Les confrontations entre la Côte d'Ivoire et le Nigeria ne se comptent plus. L'une d'entre elles restera à jamais gravée dans la mémoire de Kobinan Kouman. Le sexagénaire, ancien capitaine des Éléphants, en parle encore aujourd'hui la gorge nouée.
Il y a des matches qu'on n'oublie jamais en tant qu'ancien footballeur. Un a d'ailleurs particulièrement ravivé des souvenirs douloureux chez un ancien de l’équipe nationale de Côte d’Ivoire. Il s'agit de Kobinan Kouman. L’ancien joueur de l’Africa et de la sélection nationale n’a en effet pas oublié la nuit terrible vécue après le match nul face au Nigeria au Suruléré Stadium de Lagos à la CAN 1980.
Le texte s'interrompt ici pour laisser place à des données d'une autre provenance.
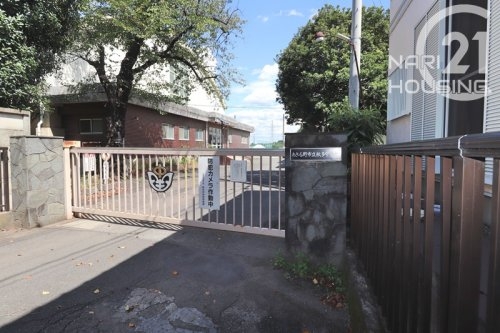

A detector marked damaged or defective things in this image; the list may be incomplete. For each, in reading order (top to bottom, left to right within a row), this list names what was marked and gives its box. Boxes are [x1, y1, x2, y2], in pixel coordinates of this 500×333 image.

Ancien joueur de l’Alliance de Bouaké (de 1970 à 1980) et de l’Africa Sports (de 80 à 84), Kouman, appelé aussi capitaine courage, a pris sa retraite depuis la fin des années 80. Il ne s’est toutefois pas déconnecté du football. Même s’il n’a d’yeux aujourd’hui que pour ses plantations d’hévéas situées à Moussabougou sur la voie menant à San Pedro, Sud-Ouest du pays, il continue de se passionner pour le ballon rond et regarde la génération actuelle des Eléphants avec beaucoup d’espoir. L’ancien international ivoirien , qui vit à Yopougon, la plus grande commune d'Abidjan, souhaite ardemment que les pachydermes remportent la CAN 2023. Et quand il s’agit d’évoquer ses pires souvenirs, la rencontre face au Nigeria, en 1980, à Lagos, lors de la Coupe d’Afrique, revient comme un hoquet. Il en parle encore la peur au ventre. Comme ce fut le cas le week-end dernier quand nous sommes allés à sa rencontre.
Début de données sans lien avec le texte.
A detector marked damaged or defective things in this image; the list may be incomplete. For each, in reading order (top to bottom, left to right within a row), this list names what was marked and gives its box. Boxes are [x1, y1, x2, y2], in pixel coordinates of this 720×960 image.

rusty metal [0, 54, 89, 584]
« Ce match là, on a fait match nul 0 but partout. Nous n'étions pas à domicile mais avec des joueurs comme Konaté , Gnahoré Dépié Émile, Zogbo Tapé, Sagnaba Soman, Adjoukoua Gaston, Zahoui Madou Laurent, Miézan Pascal, Kouamé Noël, Bohé Norbert, Gomé Alexis et moi-même étions soudés, comme une famille. On a joué comme un groupe solide et le duel Gnahoré Émile- Segun Odegbami a été particulièrement âpre. L'attaquant des Super Eagles n'a pas pu marquer face à notre meilleur défenseur, nous autres non plus n'avons pu scorer », a d'abord indiqué le vieil homme originaire de l'Est du pays, avant de poursuivre.
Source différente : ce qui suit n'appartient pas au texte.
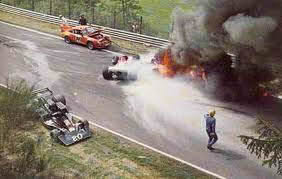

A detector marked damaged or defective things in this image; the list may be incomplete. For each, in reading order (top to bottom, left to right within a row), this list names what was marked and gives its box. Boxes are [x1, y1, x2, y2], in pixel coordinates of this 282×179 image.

crashed vehicle [60, 24, 111, 49]
crashed vehicle [102, 54, 140, 80]
crashed vehicle [32, 88, 91, 145]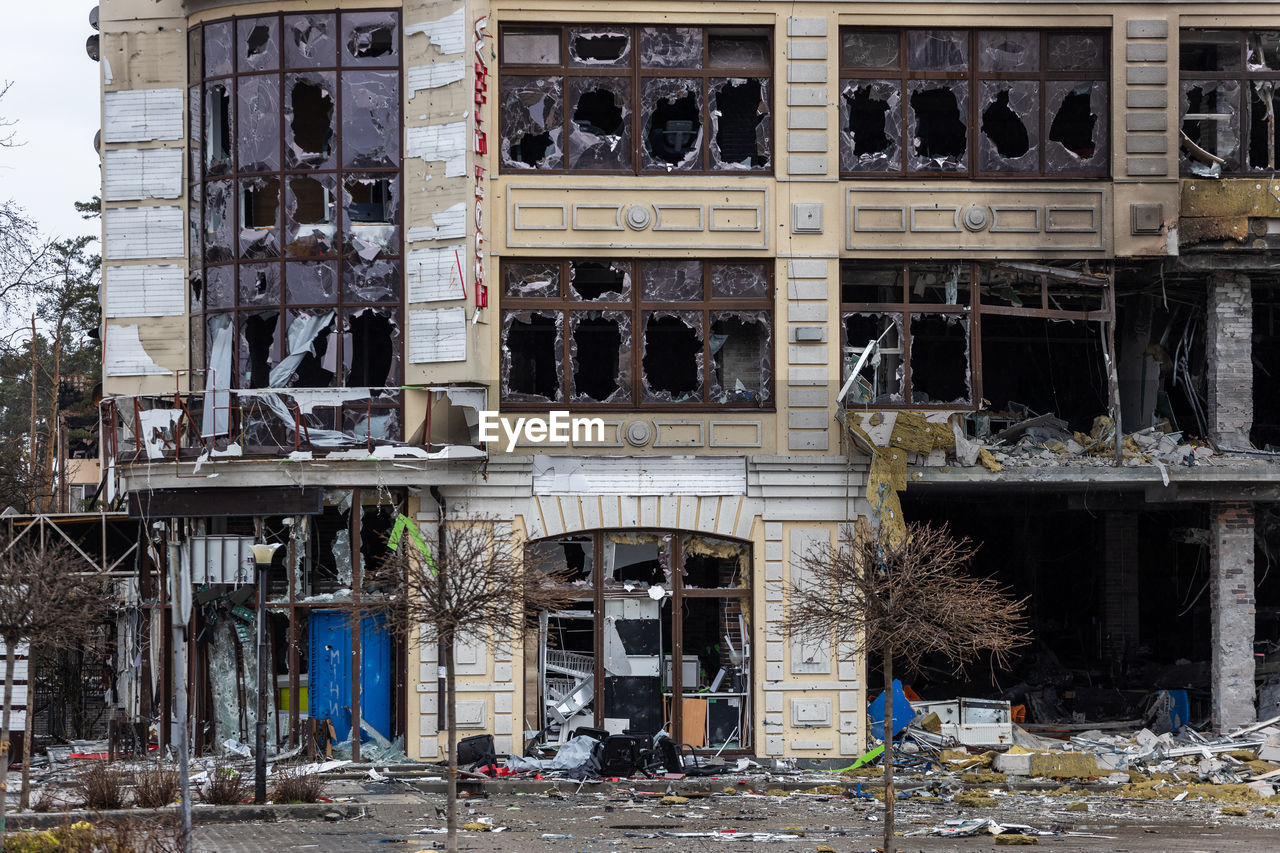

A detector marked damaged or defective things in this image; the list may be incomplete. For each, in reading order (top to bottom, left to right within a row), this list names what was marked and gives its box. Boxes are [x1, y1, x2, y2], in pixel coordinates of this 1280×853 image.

shattered glass pane [203, 21, 234, 77]
shattered glass pane [240, 17, 281, 71]
shattered glass pane [284, 12, 335, 67]
shattered glass pane [343, 11, 396, 66]
shattered glass pane [501, 28, 558, 64]
shattered glass pane [570, 27, 629, 67]
shattered glass pane [640, 26, 701, 68]
shattered glass pane [839, 31, 901, 69]
shattered glass pane [911, 30, 967, 71]
shattered glass pane [977, 31, 1039, 72]
shattered glass pane [1044, 33, 1105, 70]
shattered glass pane [239, 75, 284, 175]
shattered glass pane [284, 71, 335, 169]
shattered glass pane [343, 71, 396, 169]
shattered glass pane [496, 76, 563, 169]
torn metal cladding [499, 76, 560, 169]
shattered glass pane [568, 76, 632, 169]
broken window [499, 24, 768, 172]
shattered glass pane [645, 79, 706, 171]
shattered glass pane [711, 78, 768, 169]
shattered glass pane [839, 79, 901, 171]
shattered glass pane [911, 79, 967, 171]
broken window [844, 27, 1105, 174]
shattered glass pane [977, 81, 1039, 171]
shattered glass pane [1049, 79, 1111, 171]
shattered glass pane [202, 178, 235, 258]
shattered glass pane [240, 176, 282, 257]
shattered glass pane [284, 174, 335, 257]
shattered glass pane [343, 175, 396, 258]
shattered glass pane [240, 266, 282, 308]
shattered glass pane [284, 261, 337, 303]
shattered glass pane [343, 257, 396, 303]
shattered glass pane [501, 261, 558, 297]
shattered glass pane [570, 261, 629, 300]
shattered glass pane [645, 258, 706, 302]
shattered glass pane [711, 261, 768, 297]
shattered glass pane [499, 308, 560, 402]
shattered glass pane [570, 308, 629, 402]
shattered glass pane [640, 311, 711, 404]
shattered glass pane [711, 311, 768, 404]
« Mais ce qui m’a le plus marqué c’est que les supporters n’ont pas voulu nous laisser sortir du Stade Suruléré où s’est déroulée cette rencontre. Nous avions cru dans un première temps qu'ils en avaient après nous, pour notre résultat plus qu'honorable. Mais non ! Ils étaient en colère après leur équipe et nous aussi. La prestation des Super Eagles les a rebutés. Ils nous l’ont fait savoir en nous jetant des pierres et d'autres objets. C'était surréaliste ! Sans être coupables, nous étions devenus les cibles. L'ambiance était terrifiante… je crois qu'on n'avait jamais ressenti autant de frayeur de toutes nos carrières de joueurs», ajoute Kobinan Kouman.
Malgré la fin du match, les supporters eux continuaient les hostilités. Kobinan Kouman ont dû patienter longtemps avant de retrouver leur gîte. « On a été bloqués au milieu du terrain des heures durant. Avec les officiels et tout le monde. Et cela des heures durant lesquelles nous ne savions à quel saint nous vouer. Le match a pris fin à 18h je crois. Mais nous sommes restés coincés si ma mémoire est bonne jusqu’à 21h00. Vous vous rendez compte? On a eu très peur pour nos vies parce qu’on croyait que les choses allaient empirer. On sentait de la rage venant des tribunes. Heureusement, la police a réussi à nous évacuer un peu plus tard dans la nuit. Par la suite, on a rejoint notre hôtel, l’Ikohi Hôtel. Le seul endroit où on se sentait vraiment en sécurité», a ainsi conclu Kobinan Kouman. Il précise par ailleurs que le fair-play doit prévaloir quelque soit le résultat d'un match.